All in outside: What it means to be ‘all in’

“There’s something really special about being associated with Mountain Challenge,” recalled Maryville College alumna and former Mountain Challenge staff Jeanna Stewart.

That “something” can be hard to put into words, so Stewart describes it best through her life, much of which she credits to her experience with Mountain Challenge at Maryville College.

The 1999 MC graduate is now a successful regional director with Family Promise National, which is a nonprofit organization that provides resources for homeless families. Both Mountain Challenge and MC, she said taught her the importance of giving back to the community and helping others, leading her into a fulfilling professional life in social service and gratifying personal life filled with passion and adventure.

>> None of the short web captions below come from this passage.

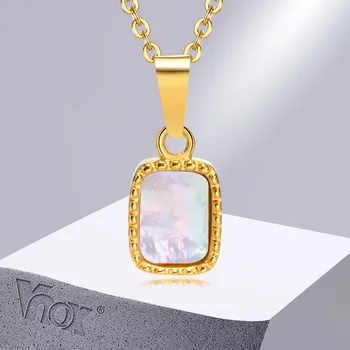 Vnox Изысканные Ожерелья из квадратного камня для женщин, подарки, ювелирные изделия, золотой цвет, Ошейник с геометрической подвеской из нержавеющей стали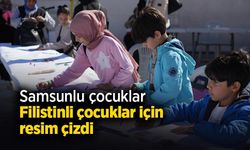 Samsunlu çocuklar Filistinli çocuklar için resim çizdi
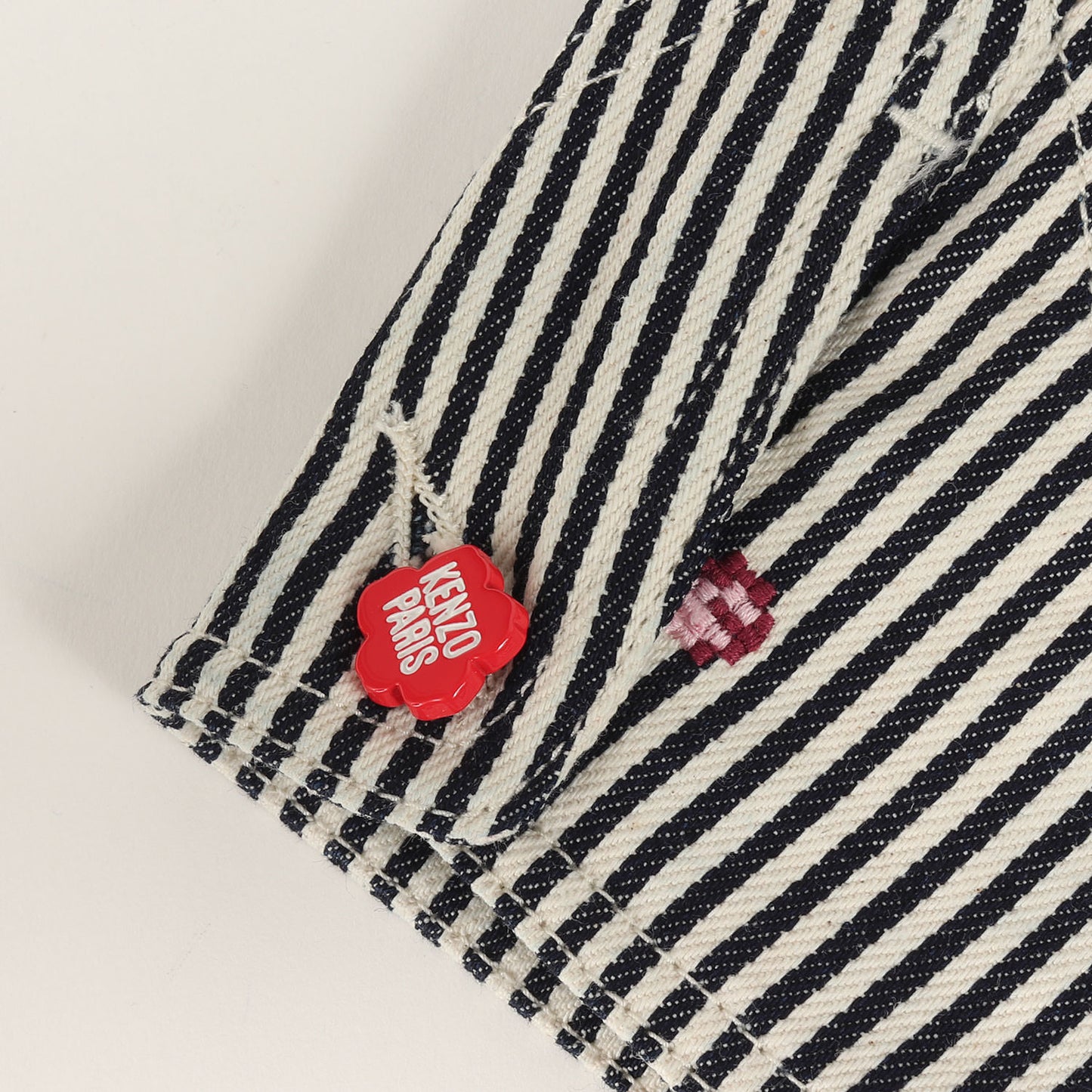 23SS × NIGO ピクセル ジャガード ヒッコリーストライプ デニム カバーオール (KENZO Pixel striped denim workwear jacket FD55DV1026J1)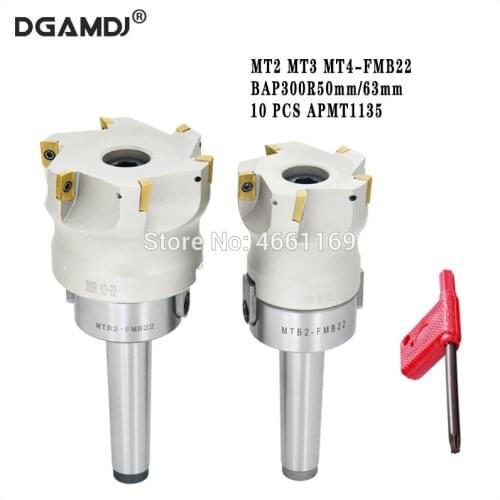 1set MT2 MT3 MT4 FMB22 face milling tool holder + BAP300R50 22 5T 63 6T milling cutter head + 10 APMT1135 inserts,for milling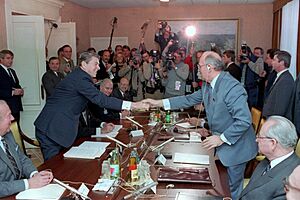President Ronald Reagan at a plenary meeting with Soviet General Secretary Mikhail Gorbachev
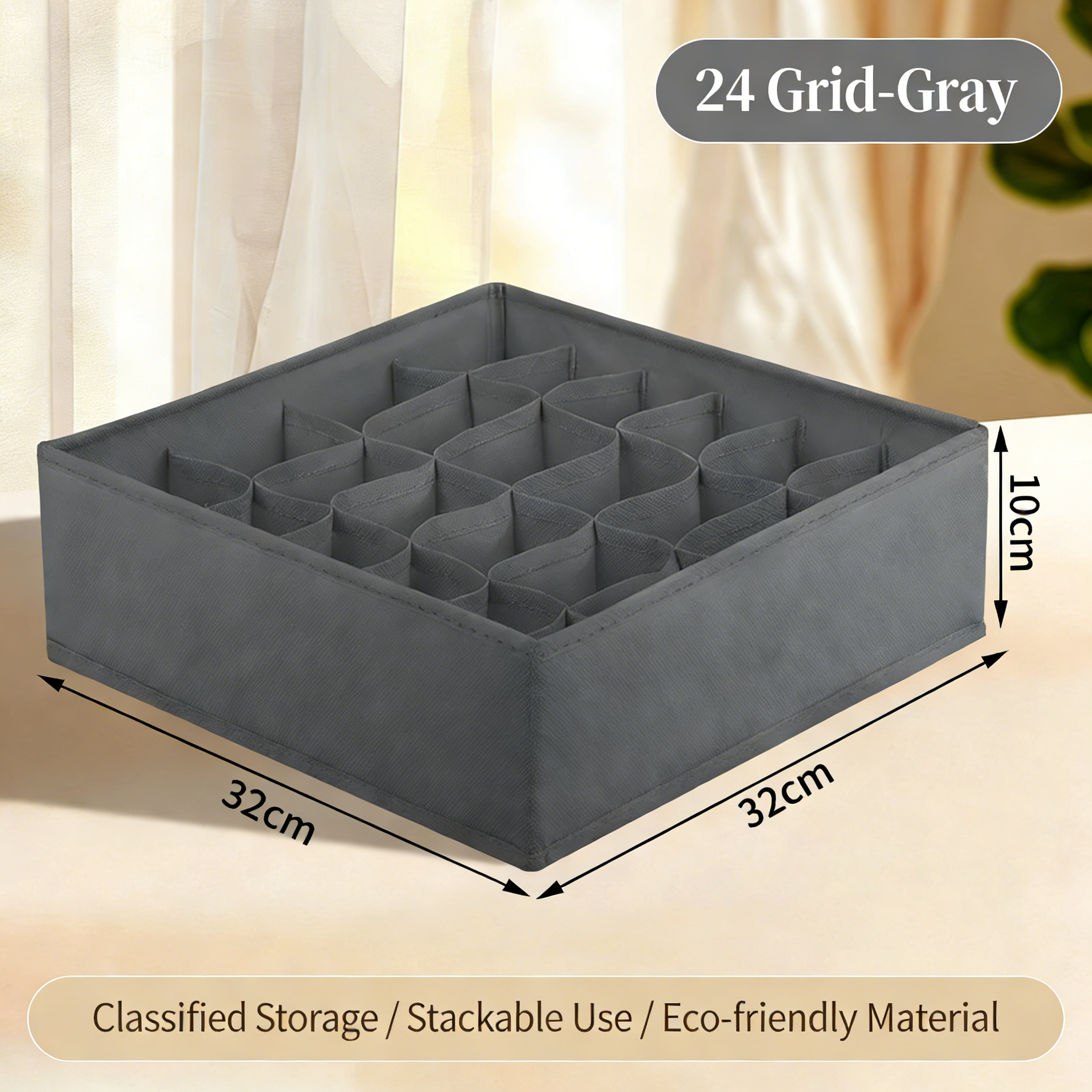 Juego de 3 cajas de almacenaje con 6 y 24 compartimentos, cestas, 32*32*10/32*16*10 cm, aptas para pantalones y ropa - 3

Stewart became “enamored” with Mountain Challenge after her freshman orientation and shortly after joined the staff. She fell in love not only with the outdoors, but also with the people, stories, and positivity, which she found herself surrounded with:

“I love that Mountain Challenge is an instant community. Once you’re in, you’re in. There are so many interesting people that pass through the doors at Crawford House and many of them have incredible stories to share,” she said.

Stewart has some stories of her own, many of them wild and memorable, from her time at Mountain Challenge. One instance in particular from her first Mountain Challenge spring break bicycle trip poignantly and bluntly illustrates the notion being “all in.”

Stewart recalled her naiveté when it came to cycling and insisted on wearing underwear underneath her bike shorts, which most cyclists avoid because of rashes and general discomfort. After a few hours one day, Stewart promptly went into a gas station and took them off.

She emerged, panties triumphantly in hand, and proudly announced to the group: “They’re coming off! You guys were right!” And into the trash they went.

Perhaps, though, the most profound influence Mountain Challenge had on Stewart’s life was the importance of personal reflection and pursuit. “The most important thing Mountain Challenge has taught me is how to live life…and not know the difference between working and playing.”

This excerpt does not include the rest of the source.